The event — which included a film screening, Indian delicacies, and displays of Benjamin’s paintings and shawls — was organized by the American Jewish Committee Central NJ region and the Hindu-Jewish Coalition.
Launched in December 2013, the coalition’s goal is “building bridges between the two communities, working together on areas of common interest, and helping each other with areas of individual interest,” said AJC Central NJ president Michael Feldstein.
Coalition cofounder Marc Citron of Princeton, an attorney, through contact with his many Hindu clients, had come to realize how much the two communities had in common. “What I’ve discovered are the similarities rather than the differences — education, family, loyalty, and an immigrant root here in the United States,” he told NJJN.
Of the approximately 80 people present Aug. 26, about a dozen were members of the Hindu community.
Benjamin, a member of India’s Bene Israel Jewish community, grew up in in Bombay (now known as Mumbai), where her mother ran an English-language school and her father owned a shipping company. Benjamin attended a Catholic middle school and a Zoroastrian high school, schools that offered the best English education available. She studied at an art school in Bombay, and later earned two master of fine arts degrees in the United States. She has lived for years in Montclair.
The evening featured a screening of a rough-cut version of the documentary Blue Like Me, which tells the story of Benjamin and the Bene Israel community she grew up in. In the film she speaks of how her work blurs the boundaries between different religions.
The film came about almost serendipitously, Benjamin told the audience. Filmmaker Hal Rifken had come to interview her for a film about ethnic artists, but decided to put that film on the back burner and make a film concentrating on her. “It is not just about my work,” she explained. “It is a bigger picture about what Michael [Feldstein] said before — about bridging cultures and using art and my art as a vehicle to talk about these bridges.”
Some of the footage from the film came from Benjamin’s Fulbright project. Following the terrorist attack in 2008 on the Chabad House and the Taj Mahal Hotel in Mumbai, Benjamin applied for a Fulbright scholarship to photograph her community in India. “I am being asked repeatedly — ‘Are there real Jews in India?’ — and I thought I would be able to address this through this project,” she said.

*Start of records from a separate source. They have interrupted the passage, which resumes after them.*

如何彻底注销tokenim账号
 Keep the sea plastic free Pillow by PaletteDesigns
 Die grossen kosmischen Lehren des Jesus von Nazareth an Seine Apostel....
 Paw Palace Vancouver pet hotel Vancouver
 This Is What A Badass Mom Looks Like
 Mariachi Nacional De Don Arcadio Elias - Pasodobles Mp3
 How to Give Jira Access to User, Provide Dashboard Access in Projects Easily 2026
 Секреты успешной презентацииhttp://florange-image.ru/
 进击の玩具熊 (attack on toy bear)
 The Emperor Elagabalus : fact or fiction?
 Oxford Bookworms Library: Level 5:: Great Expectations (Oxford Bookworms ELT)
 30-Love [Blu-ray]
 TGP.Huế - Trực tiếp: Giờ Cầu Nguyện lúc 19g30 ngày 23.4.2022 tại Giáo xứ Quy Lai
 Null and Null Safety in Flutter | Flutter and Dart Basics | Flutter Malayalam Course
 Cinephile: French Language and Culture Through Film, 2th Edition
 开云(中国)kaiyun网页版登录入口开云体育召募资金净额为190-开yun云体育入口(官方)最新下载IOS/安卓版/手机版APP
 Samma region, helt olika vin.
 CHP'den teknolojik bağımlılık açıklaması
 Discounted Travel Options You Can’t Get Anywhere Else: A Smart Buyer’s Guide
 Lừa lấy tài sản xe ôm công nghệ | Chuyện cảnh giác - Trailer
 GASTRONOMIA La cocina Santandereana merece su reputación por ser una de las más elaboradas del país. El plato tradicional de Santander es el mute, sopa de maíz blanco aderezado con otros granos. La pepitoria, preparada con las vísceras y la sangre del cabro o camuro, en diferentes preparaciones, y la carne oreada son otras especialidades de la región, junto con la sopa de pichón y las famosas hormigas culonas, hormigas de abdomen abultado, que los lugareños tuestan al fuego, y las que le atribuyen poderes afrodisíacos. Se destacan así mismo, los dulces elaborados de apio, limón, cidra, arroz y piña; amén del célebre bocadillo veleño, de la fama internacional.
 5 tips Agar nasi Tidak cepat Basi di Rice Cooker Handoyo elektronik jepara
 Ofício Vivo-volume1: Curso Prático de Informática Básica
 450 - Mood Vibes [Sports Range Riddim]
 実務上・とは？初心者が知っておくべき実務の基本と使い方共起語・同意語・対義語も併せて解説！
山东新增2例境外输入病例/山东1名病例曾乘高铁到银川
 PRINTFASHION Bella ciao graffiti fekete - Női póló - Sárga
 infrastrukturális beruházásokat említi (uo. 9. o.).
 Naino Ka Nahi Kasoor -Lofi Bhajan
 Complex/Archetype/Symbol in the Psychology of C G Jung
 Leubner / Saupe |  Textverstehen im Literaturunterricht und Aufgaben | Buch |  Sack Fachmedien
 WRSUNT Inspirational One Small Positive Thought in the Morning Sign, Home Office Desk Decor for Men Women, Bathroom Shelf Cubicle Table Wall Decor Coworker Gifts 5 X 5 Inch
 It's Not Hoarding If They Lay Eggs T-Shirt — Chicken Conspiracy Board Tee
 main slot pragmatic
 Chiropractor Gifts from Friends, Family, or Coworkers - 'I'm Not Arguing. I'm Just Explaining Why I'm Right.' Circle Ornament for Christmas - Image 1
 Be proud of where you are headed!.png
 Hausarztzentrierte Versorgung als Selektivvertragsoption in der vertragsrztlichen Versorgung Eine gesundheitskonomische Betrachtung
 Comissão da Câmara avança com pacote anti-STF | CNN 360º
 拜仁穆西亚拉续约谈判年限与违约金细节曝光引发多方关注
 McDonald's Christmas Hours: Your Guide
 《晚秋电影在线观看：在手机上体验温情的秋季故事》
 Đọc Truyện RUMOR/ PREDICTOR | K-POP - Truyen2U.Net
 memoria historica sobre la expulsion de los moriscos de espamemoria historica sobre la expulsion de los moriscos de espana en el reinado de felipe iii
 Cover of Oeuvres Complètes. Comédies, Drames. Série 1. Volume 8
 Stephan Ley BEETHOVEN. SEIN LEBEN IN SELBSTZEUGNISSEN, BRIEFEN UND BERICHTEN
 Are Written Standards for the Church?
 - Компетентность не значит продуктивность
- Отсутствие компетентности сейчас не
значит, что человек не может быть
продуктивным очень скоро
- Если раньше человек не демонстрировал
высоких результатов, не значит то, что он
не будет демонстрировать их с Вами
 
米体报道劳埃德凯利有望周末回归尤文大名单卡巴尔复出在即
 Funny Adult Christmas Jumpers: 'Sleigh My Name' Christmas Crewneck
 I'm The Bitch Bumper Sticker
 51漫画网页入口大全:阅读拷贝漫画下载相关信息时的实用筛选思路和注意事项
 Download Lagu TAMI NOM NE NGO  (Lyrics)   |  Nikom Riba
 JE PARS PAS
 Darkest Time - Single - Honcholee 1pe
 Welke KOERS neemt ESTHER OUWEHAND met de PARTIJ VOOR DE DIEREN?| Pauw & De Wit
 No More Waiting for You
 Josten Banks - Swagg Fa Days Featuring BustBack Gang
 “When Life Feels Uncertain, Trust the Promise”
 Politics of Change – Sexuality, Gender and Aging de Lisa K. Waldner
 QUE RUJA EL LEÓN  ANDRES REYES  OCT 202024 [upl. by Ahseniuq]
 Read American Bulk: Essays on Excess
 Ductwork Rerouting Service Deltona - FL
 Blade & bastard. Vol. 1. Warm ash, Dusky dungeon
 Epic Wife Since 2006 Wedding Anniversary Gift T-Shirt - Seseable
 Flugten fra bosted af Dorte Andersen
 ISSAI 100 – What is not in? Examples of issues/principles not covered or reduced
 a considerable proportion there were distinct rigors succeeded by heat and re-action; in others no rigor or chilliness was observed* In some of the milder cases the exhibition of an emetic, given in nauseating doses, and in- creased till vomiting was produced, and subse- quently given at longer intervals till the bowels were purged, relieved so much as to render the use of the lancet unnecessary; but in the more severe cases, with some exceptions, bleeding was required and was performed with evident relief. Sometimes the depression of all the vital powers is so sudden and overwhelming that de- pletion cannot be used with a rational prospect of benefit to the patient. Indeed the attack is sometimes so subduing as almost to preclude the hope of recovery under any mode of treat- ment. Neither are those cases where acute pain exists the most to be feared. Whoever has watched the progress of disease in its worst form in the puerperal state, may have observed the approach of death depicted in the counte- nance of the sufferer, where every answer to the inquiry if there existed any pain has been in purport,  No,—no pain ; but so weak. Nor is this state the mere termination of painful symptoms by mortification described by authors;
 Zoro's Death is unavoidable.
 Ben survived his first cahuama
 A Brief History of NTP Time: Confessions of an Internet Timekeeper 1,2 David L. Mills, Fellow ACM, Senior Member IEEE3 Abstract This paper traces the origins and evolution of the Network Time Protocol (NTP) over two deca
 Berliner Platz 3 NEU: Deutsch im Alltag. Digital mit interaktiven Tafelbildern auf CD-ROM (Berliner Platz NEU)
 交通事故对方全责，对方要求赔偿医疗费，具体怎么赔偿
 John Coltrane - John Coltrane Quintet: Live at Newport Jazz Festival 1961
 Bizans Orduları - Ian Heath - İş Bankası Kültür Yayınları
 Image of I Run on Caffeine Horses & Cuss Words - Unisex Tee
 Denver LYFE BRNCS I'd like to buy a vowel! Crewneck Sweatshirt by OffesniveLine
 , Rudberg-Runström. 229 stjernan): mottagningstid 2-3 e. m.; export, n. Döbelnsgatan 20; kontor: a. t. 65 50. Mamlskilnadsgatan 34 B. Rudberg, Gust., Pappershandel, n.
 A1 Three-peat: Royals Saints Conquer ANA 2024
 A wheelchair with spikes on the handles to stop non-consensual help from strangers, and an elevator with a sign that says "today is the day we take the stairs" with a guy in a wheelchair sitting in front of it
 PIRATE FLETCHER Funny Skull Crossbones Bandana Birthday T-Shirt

Today only about 4,000 Indian Jews remain of a community that was once 30,000 strong. She estimated that 60,000-70,000 Indian Jews live in Israel; some left because of economic reasons, while others were responding to the call of Zionism. An only child, Benjamin recalled how sad she was when her cousins and playmates left for Israel.
Her parents, however, were comfortable economically and did not emigrate. “They didn’t want to go to Israel and start from scratch,” she said.